File search has two cost components: the storage cost for uploaded files ($0.10/GB/day after the free tier) and the vector store search cost ($0.10 per 1,000 queries after the first 1,000 free per day).
For function calling use cases where you're calling your own APIs rather than OpenAI's built-in tools, the standard Chat Completions API is still more cost-effective — you only pay for tokens.
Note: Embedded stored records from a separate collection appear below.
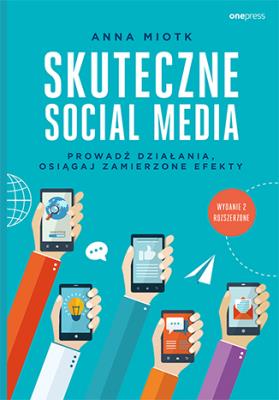 Skuteczne Social Media. Prowadź działania.... Autor: Miotk Anna. SmakLiter.pl Okładka książki Skuteczne Social Media. Prowadź działania...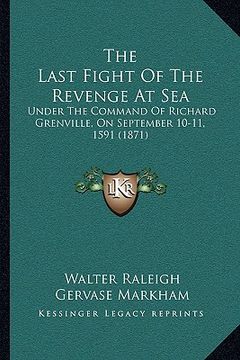 portada the last fight of the revenge at sea: under the command of richard grenville, on september 10-11, 1591 (1871) (en Inglés)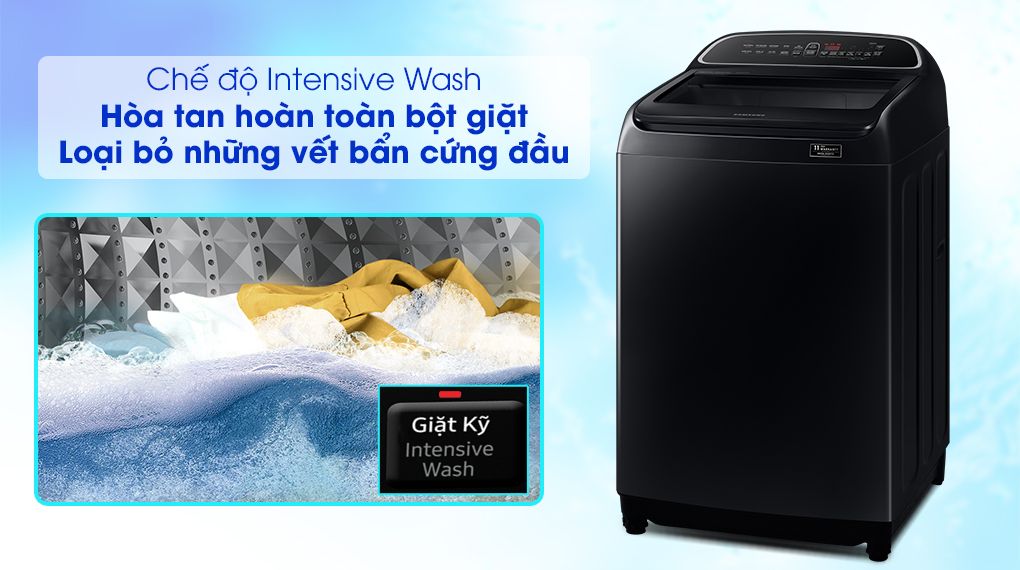 Chế độ Intensive Wash giặt kỹ giúp bột giặt hòa tan nhanh hơn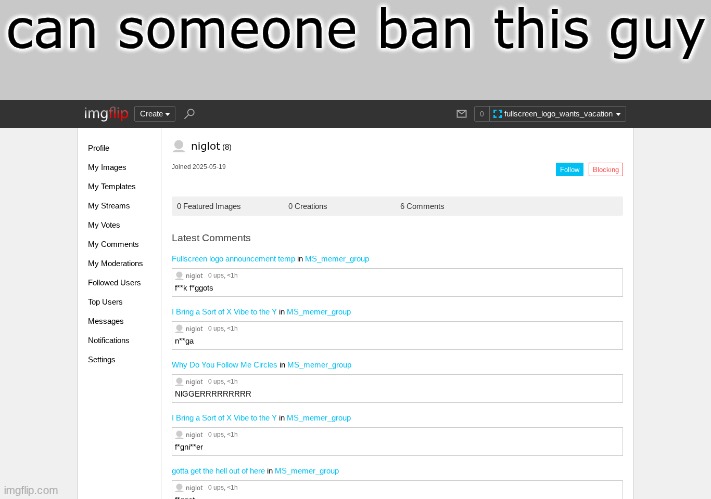 can someone ban this guy | made w/ Imgflip meme maker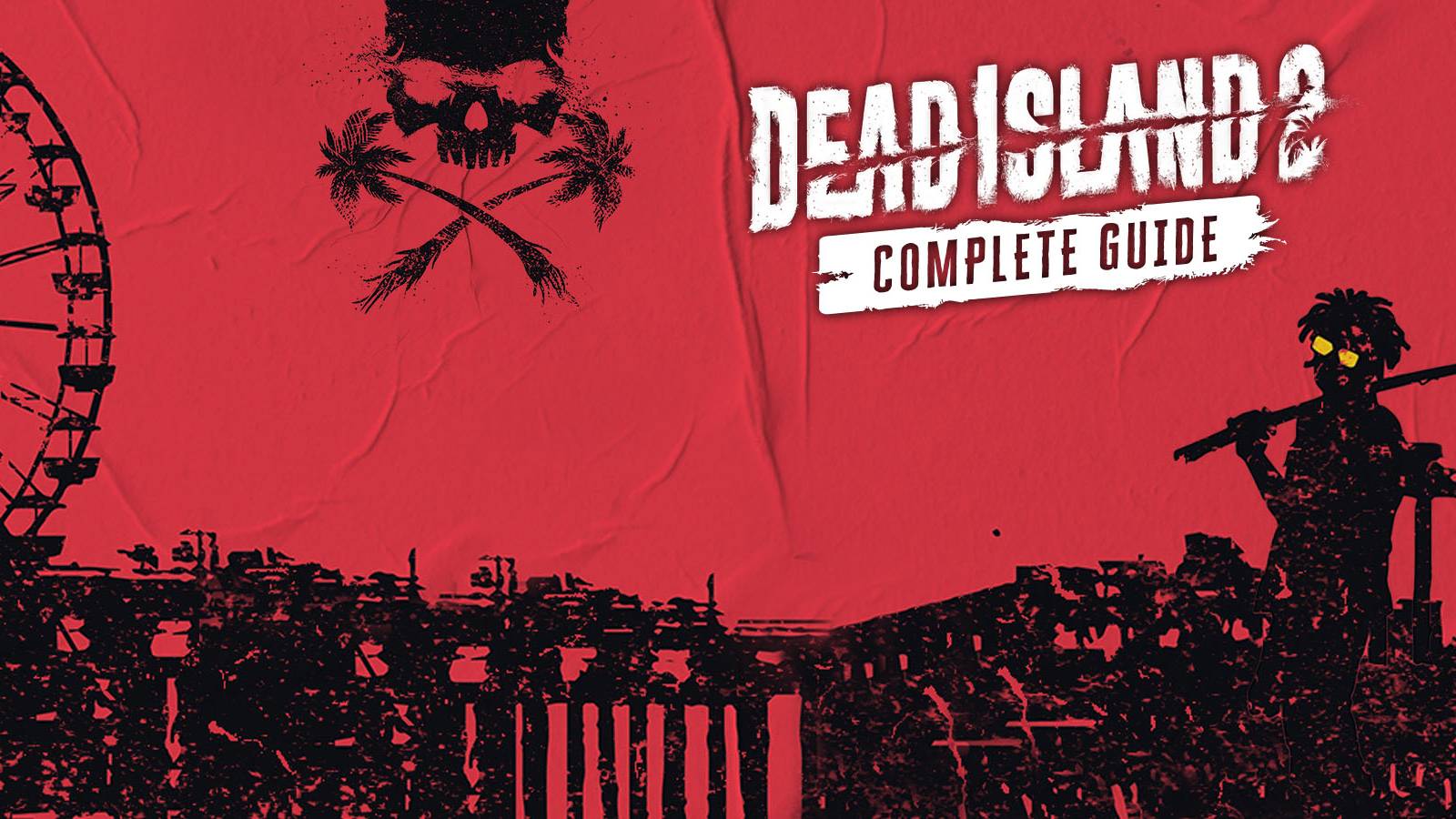 Dead Island 2 Complete Guide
The Responses API's value is in the managed tool infrastructure.
Structured outputs work with the Responses API too, and they're worth using when you need predictable JSON shapes from responses.
Responses API vs Chat Completions API
Use Responses API when:
- You need web search, code execution, or document retrieval
- You want OpenAI to manage tool execution complexity
- You're prototyping and want to move fast
Use Chat Completions API when:
- You're calling your own tools/functions
- You need maximum control over system behavior
- Cost efficiency is critical and you don't need built-in tools
- You're building something the Responses API's abstraction doesn't fit
The Responses API doesn't support every feature the Chat Completions API has. If you're using custom function tools extensively, you'll hit friction. For straightforward applications that need one or more of the three built-in tools, it's meaningfully simpler.
Migrating from Assistants API
The migration is largely a simplification. Things you can delete:
- Thread creation and management
- Run lifecycle handling (polling, status checks)
- Message retrieval from thread
Things that carry over directly:
- Tool definitions (code_interpreter and file_search work the same way)
- File uploads and file IDs
- System instructions (now called
instructionsin the request)
The main behavior change: conversation state is now your responsibility. If you were using Threads for persistent history, you'll need to pass previous messages explicitly in each request. For most applications, this is actually cleaner — you control exactly what context the model sees.
One thing that doesn't yet exist in the Responses API: background runs for long-running async tasks. The Assistants API had a run/polling model that handled tasks taking minutes. If you have heavy code interpreter jobs that time out, you may need to keep that workload on the Assistants API for now — or handle async execution yourself.
The direction of travel is clear though. Responses API is OpenAI's preferred path forward, and the Assistants API isn't getting meaningful new features.